100 Snow Leopard Tips, Tricks, and Features
Posted 08/31/2009 at 11:02am
| by Arvind Srinivasan and Roberto Baldwin

Pinch to zoom icons on Desktop
If you want to make the icons on your Desktop bigger, merely pinch to zoom on a multi-touch trackpad. This works better in reverse, because if your Desktop is cluttered, it helps to make all of the icons tiny until you can clean it up.

3- and 4-finger gestures for older multi-touch trackpads
Extending the olive branch to users of older-generation MacBooks and MacBook Pros that did not have four-finger and three-finger trackpad gestures, Snow Leopard brings this feature to those MacBooks, provided you have a supported model.

More granular firewall settings
In order to prevent hackery of the malicious variety, Snow Leopard includes more firewall settings than its predecessor. You can choose to block incoming connections from certain apps, always allow connections from other apps, and set an allow/do not allow list. This is a huge upgrade from the mere “off/on” found on the previous firewall.

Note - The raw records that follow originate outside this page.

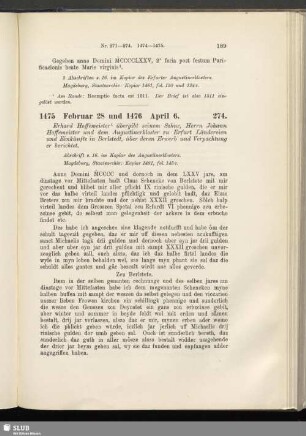 274. 1475, Februar 28 und 1476, April 6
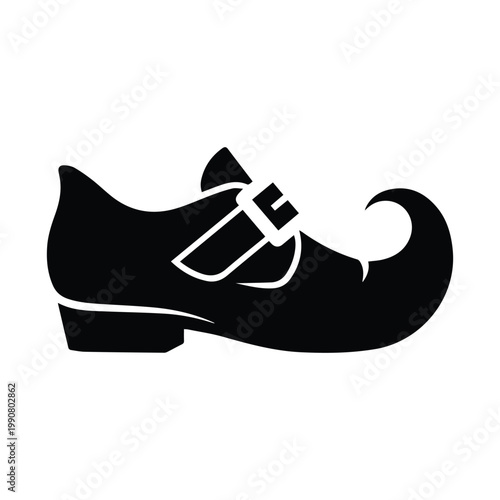 Irish leprechaun boot with curved toe and buckle silhouette for saint patrick day festival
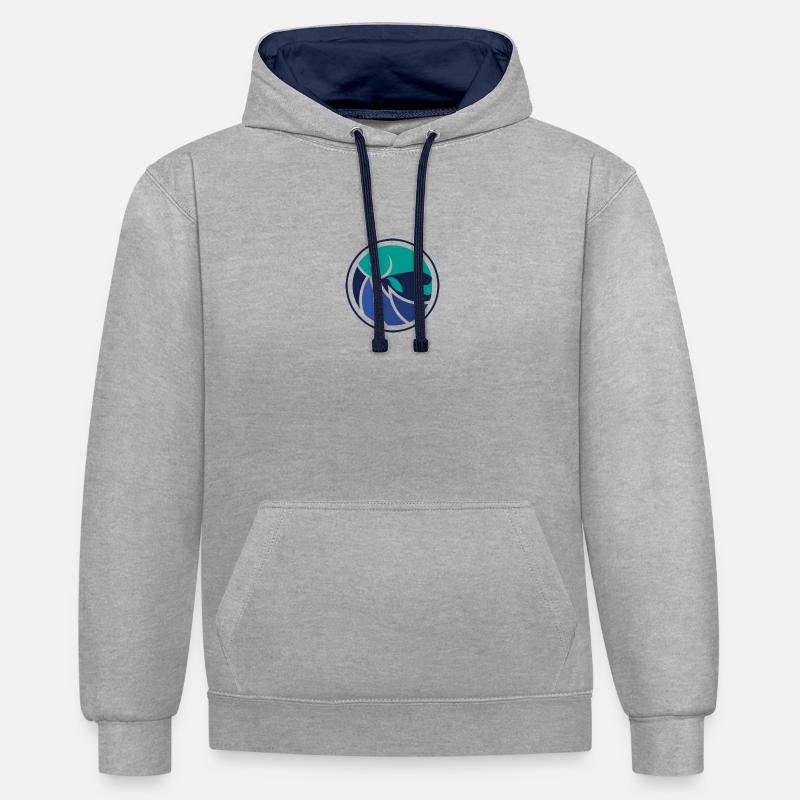 pêche pêche pêche motif logo - Sweat à capuche contrasté - gris chiné/bleu marine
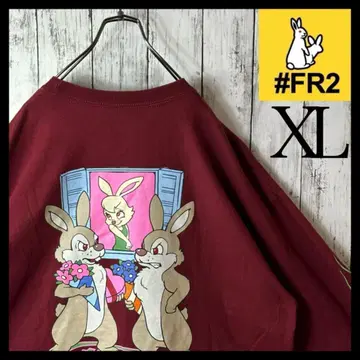 [레어] FR2 긴팔 티셔츠 XL 파킹 래빗 보르도 빨간색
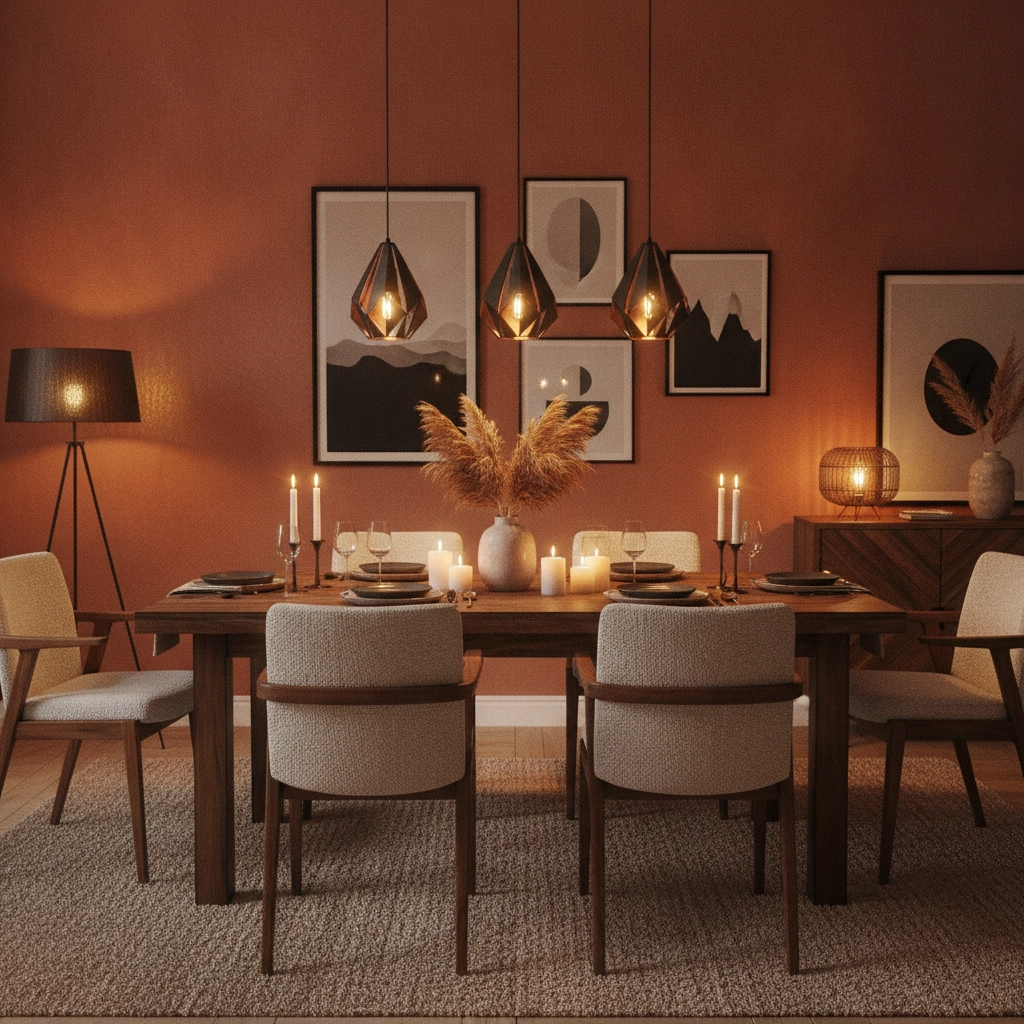 Hanglamp Carlton 1 zwart met roodkoper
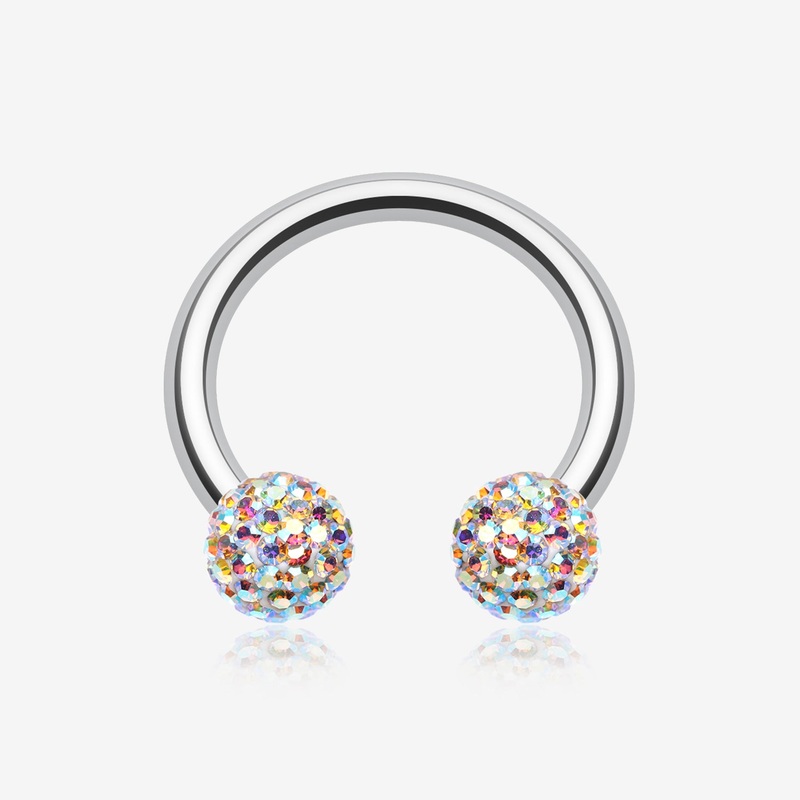 Multi-Gem Sparkle Horseshoe Circular Barbell 16 GA (1.2mm), 3/8″ (10mm), Ball: 4mm
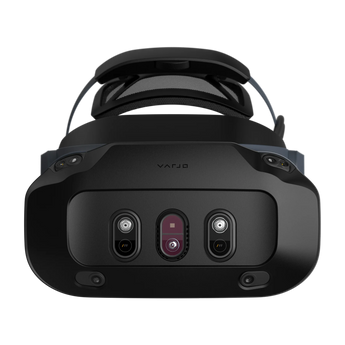 Frontalansicht der Varjo XR-4 Focal Edition (2026) VR-Brille mit drei zentralen Sensoreinheiten auf der schwarzen Frontplatte.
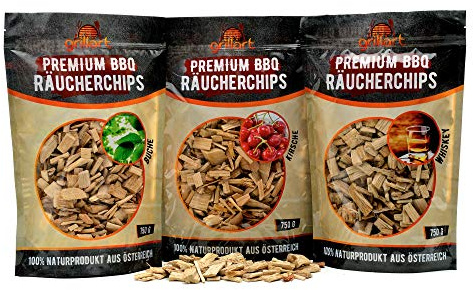 grillart® Premium BBQ Räucherchips XL Mix 3er Set für das besondere Raucharoma – sehr rauchaktives Räucherholz/Holzhackschnitzel – Vorteilspack 3X 750g Beutel
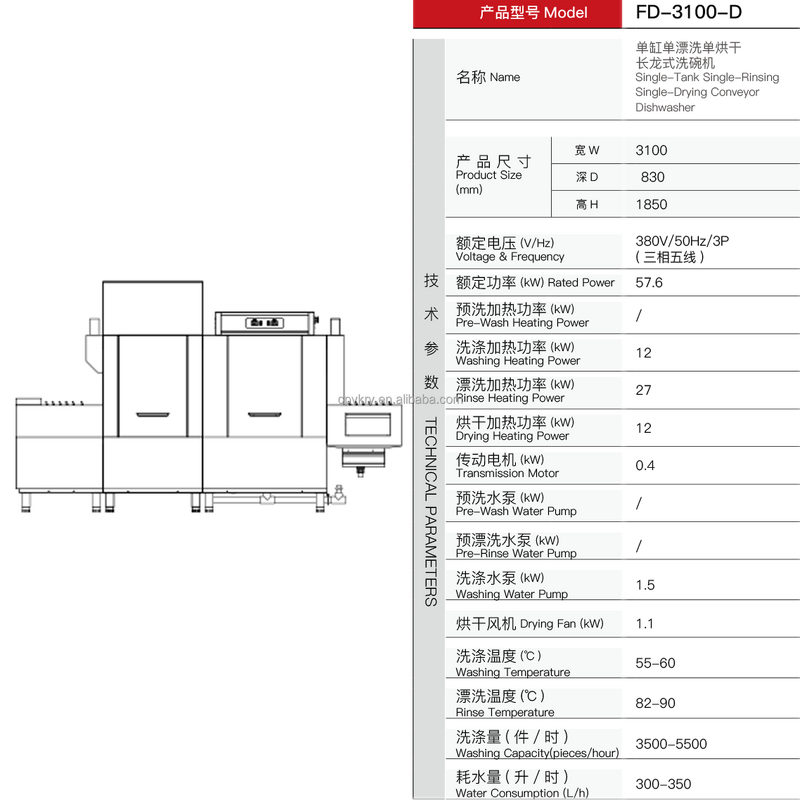Conveyor Dishwasher Factory - Industrial Commercial 380V Single-Tank Single-Rinsing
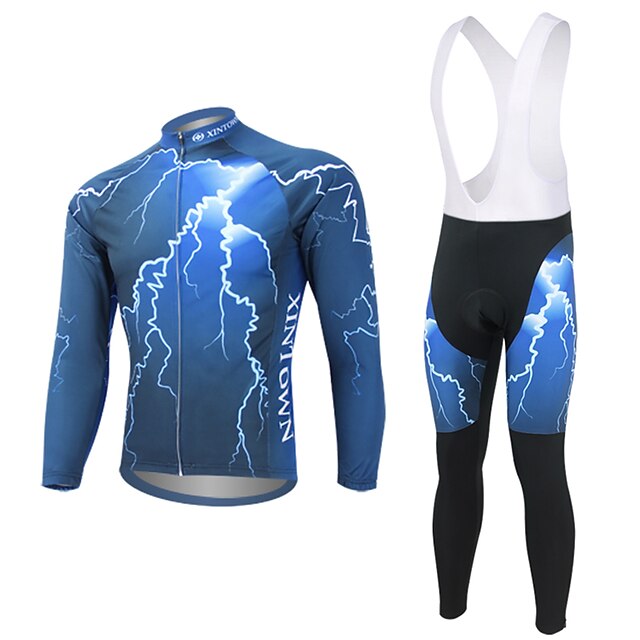  WEST BIKING® Men's Long Sleeve Cycling Jersey with Bib Tights - Blue Bike Jersey Bib Tights Clothing Suit Breathable 3D Pad Quick Dry Anatomic Design Reflective Strips Sports Nature & Landscapes Road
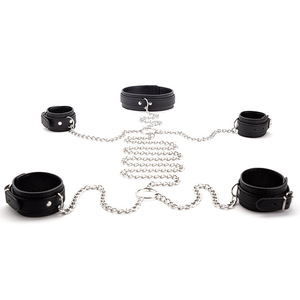 Menottes en cuir noir avec chaînes métalliques pour les mains, les pieds et le cou, usage SM érotique, jouets pour adultes - Product Image 5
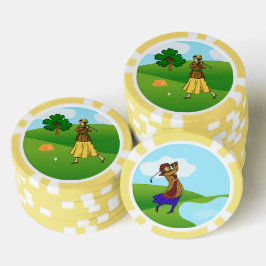 Fichas De Póquer Golfistas mujeres: 1 preparándose para salir y 1 c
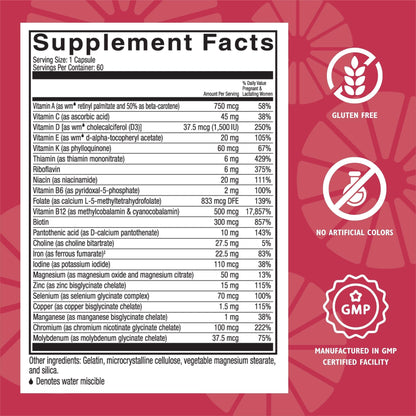 Celebrate Vitamins Bariatric Prenatal Multivitamin Capsules with Folate (Folic Acid), Vitamin A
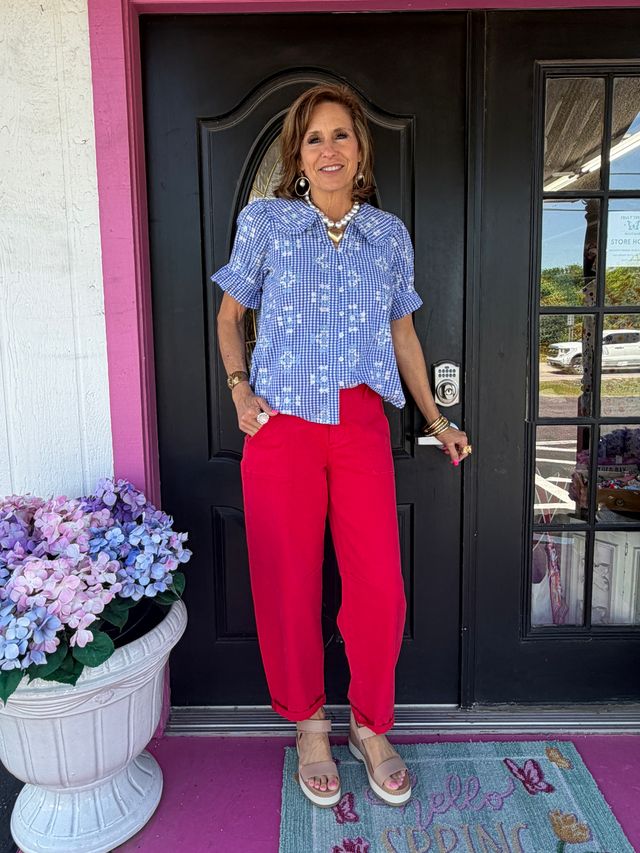 Blue Ditsy Poet Top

Specify how long after screen saver you want to lock computer
Have you ever walked away from your laptop to get a soda, and then walked back to see your computer lock in front of your eyes. Instead of scrambling to prevent going into screen saver, merely set the computer to ask for the password after a certain period of time after the screen saver activates.

New desktop wallpapers
Though not quite the caliber of the LSD-influenced wallpapers that are in Windows 7, Apple has introduced a few new default desktops in Snow Leopard as well, namely, more nature and art images.

Show date in menubar
One notable omission in the default OS X clock is the date, as you have to click the time to see it. In Snow Leopard, you can choose whether or not to see the date in the menubar, and choose how it is displayed, whether fully written out, or abbreviated by number.

Faster Time Machine backups
Even better than telling you how much time is left in your backup, Time Machine speeds up significantly in Snow Leopard. In our tests it was about twice as fast as Leopard, namely reducing the time in the Preparing Backup stage.

AppleScript has access to Cocoa frameworks
At WWDC, Apple announced something called Cocoa Bridge, which allows you to access any Objective-C frameworks from within AppleScript, with an AppleScript syntax. This will make AppleScripts much more functional, as well as make it easier to develop applications that don’t necessarily require a GUI.

Treat trackpad as a virtual screen, guided by VoiceOver
Apple has introduced a plethora of new functions to help Universal Access. If you have trouble seeing, you can navigate the computer using the trackpad as a virtual screen, with the help of VoiceOver, which will tell you exactly where to go.